Question

The figure shows a soap film in which a closed elastic thread is lying. The film inside the thread is priced. Now the sliding wire is moved out so that the surface area increases.The radius of the circle formed by the elastic thread will:

A. increases
B. decreases
C. remains same
D. data insufficient

Answer 1

Hint:Use the formula for tension force acting on an object. This formula gives the relation between the tension force, the force acting on the object and the length on which the force is acting. Check whether the resultant force on the closed thread is balanced or not and length of the elastic thread increases or not. Hence, using this formula check whether the tension force remains the same or not which will give an idea about the radius of the circle formed by the closed thread.

Formula used:
The formula for surface tension \[T\] is given by
\[T = \dfrac{F}{l}\] …… (1)
Here, \[F\] is the force acting and \[l\] is the length of which the force is acting.

Complete answer:
We have given that a closed elastic thread is lying on a soap film. The soap film inside the elastic thread is pricked and the sliding wire is moved out in order to increase the area of the soap film.We have asked the effect of increasing the area of the soap film and pricking the soap film inside the closed thread on the radius of the closed thread.From equation (1), we can conclude that the tension force depends only on the force exerted and length on which force is acting.

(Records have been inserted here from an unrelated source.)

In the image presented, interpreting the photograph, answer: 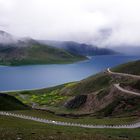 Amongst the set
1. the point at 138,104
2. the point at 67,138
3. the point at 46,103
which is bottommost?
the point at 46,103

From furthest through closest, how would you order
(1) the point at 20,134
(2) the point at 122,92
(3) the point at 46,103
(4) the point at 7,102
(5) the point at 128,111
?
1. (3) the point at 46,103
2. (2) the point at 122,92
3. (5) the point at 128,111
4. (4) the point at 7,102
5. (1) the point at 20,134

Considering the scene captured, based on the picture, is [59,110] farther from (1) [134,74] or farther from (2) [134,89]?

For the closed elastic thread lying inside the soap film, before pricking off the soap film and sliding the wire out, the net resultant force acting on the closed thread is zero. Hence, the thread is stable on the soap film.When the sliding wire is moved in the outward direction, the area of the soap film increases. Also the soap film inside the closed thread is pricked, so now there is no soap film inside the closed thread.

But from equation (1), we can conclude that the tension force depends on length of the closed thread and the length of the closed thread remains the same when the soap film is pricked as there is no resultant external force causing the length of the thread to increases.Since, the tension force on the closed thread is balanced, the area and hence, the radius of the circle remains the same.

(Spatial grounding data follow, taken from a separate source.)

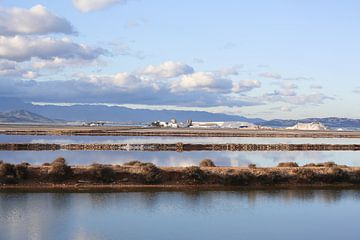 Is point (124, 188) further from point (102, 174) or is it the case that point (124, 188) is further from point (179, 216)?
point (179, 216)

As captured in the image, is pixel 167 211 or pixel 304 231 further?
pixel 167 211

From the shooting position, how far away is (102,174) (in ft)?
104

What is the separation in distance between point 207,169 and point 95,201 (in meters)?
9.54

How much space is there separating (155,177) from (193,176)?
7.37 feet

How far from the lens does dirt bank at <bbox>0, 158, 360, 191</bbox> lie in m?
30.8

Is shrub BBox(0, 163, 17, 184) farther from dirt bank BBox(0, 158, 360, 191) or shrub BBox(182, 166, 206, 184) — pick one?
shrub BBox(182, 166, 206, 184)

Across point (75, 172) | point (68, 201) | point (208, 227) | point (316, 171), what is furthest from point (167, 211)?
point (316, 171)

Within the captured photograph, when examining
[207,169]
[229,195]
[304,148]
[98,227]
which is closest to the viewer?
[98,227]

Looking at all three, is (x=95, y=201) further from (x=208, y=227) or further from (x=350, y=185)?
(x=350, y=185)

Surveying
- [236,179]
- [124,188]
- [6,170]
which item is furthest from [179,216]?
[6,170]

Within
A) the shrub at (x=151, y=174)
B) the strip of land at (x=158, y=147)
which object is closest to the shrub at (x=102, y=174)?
the shrub at (x=151, y=174)

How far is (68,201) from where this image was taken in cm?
2570

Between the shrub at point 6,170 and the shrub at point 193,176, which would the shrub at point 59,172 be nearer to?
the shrub at point 6,170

Hence, the correct option is C.

Note:The students may think that as the closed thread is elastic and pricking the soap film inside the thread, the net tension force of the soap film on the thread is outward which should increase the radius of the closed thread. But the students should keep in mind that this tension force on thread is the same from all sides. Thus, the net force becomes zero and the radius of the closed thread remains the same.